To come out of the tunnel of chaos, you must clean yourself of ego, prejudice, expectations, etc… This part in the journey, we call “Catharsis”. It’s a latin term meaning “to clean out”. One of the places in our conversations with this team dealt specifically within the arena of expectations vs. hopes. Let’s expand that more here.
When I expect something of someone and I do not receive it, I begin to harbor very negative emotions towards them. But if I rather hold out my hopes towards them, expressing what I would like, but do not expect, the level of conflict will be greatly condensed. Here’s an example:
I would hope that people in my community would watch our kids once a week so that Natalie and I don’t have to pay a babysitter. NOW, that’s a fair thing to hope for, but when it doesn’t happen (because people are busy, they don’t want to watch 3 kids by themselves, whatever…) I can’t be disappointed. We made the choice to be married, have three kids, etc… the burden of responsibility rests on our shoulders. To get what we need is our responsibility, not our community’s.

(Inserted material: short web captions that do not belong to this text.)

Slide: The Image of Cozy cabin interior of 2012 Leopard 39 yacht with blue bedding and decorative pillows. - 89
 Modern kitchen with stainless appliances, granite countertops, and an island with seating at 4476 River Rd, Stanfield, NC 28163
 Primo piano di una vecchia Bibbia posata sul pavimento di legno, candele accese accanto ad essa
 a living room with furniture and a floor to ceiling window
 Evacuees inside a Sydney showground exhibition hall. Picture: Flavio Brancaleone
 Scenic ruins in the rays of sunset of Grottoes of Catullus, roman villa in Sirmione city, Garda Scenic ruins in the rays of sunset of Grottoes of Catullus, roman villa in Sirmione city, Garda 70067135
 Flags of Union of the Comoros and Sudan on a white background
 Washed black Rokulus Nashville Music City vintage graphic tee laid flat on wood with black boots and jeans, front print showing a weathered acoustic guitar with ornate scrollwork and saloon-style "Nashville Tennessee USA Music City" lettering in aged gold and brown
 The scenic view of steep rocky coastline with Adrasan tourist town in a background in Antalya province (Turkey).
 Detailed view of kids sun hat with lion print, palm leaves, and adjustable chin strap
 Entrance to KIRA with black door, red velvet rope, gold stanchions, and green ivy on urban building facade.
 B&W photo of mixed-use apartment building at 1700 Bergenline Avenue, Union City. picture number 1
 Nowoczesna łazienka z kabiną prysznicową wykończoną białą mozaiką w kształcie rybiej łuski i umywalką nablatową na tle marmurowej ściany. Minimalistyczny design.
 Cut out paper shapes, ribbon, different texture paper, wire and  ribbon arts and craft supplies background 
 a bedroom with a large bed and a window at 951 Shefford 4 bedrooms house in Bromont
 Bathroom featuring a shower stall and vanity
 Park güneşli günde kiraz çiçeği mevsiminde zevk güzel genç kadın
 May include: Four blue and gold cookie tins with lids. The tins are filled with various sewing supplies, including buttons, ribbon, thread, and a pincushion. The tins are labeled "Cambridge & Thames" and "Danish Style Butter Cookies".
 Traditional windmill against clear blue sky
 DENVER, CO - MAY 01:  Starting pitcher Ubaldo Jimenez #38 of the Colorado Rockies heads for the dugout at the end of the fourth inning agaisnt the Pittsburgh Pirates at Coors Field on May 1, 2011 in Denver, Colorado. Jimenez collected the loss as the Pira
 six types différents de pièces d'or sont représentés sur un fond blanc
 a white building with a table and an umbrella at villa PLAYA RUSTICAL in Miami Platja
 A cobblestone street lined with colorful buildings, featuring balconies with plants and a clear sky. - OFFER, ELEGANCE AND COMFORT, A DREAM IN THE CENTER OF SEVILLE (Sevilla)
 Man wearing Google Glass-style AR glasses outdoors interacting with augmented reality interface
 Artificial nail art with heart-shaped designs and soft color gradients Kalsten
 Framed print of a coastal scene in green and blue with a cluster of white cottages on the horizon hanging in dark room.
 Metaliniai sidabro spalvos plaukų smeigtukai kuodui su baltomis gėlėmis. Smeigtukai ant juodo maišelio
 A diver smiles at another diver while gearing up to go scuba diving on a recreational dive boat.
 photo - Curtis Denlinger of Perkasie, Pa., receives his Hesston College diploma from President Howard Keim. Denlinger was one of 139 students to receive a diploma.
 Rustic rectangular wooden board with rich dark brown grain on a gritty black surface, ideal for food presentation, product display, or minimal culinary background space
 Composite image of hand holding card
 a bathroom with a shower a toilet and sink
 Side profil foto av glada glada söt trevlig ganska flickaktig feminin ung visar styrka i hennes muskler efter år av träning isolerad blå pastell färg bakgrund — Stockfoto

Now let’s flip this. If I EXPECT my community to watch my kids and they don’t, what happens? I get angry, I harbor negative feelings towards others that aren’t fair, etc…
To move into deep community with people requires me to relinquish my expectations and reframe them into my hopes. Be careful though, I think you still need to have certain expectations of people and make those known (like, I expect you not to physically harm me when we greet each other, or whatever…) but I would suggest that 9 times out of 10, conflict that arises in a community stems from people having expectations that should remain at the hope level.
In this place of Catharsis, we must evaluate those things we must clean from ourselves (like expectations) so that we can willingly hear and tell the truth to and from one another.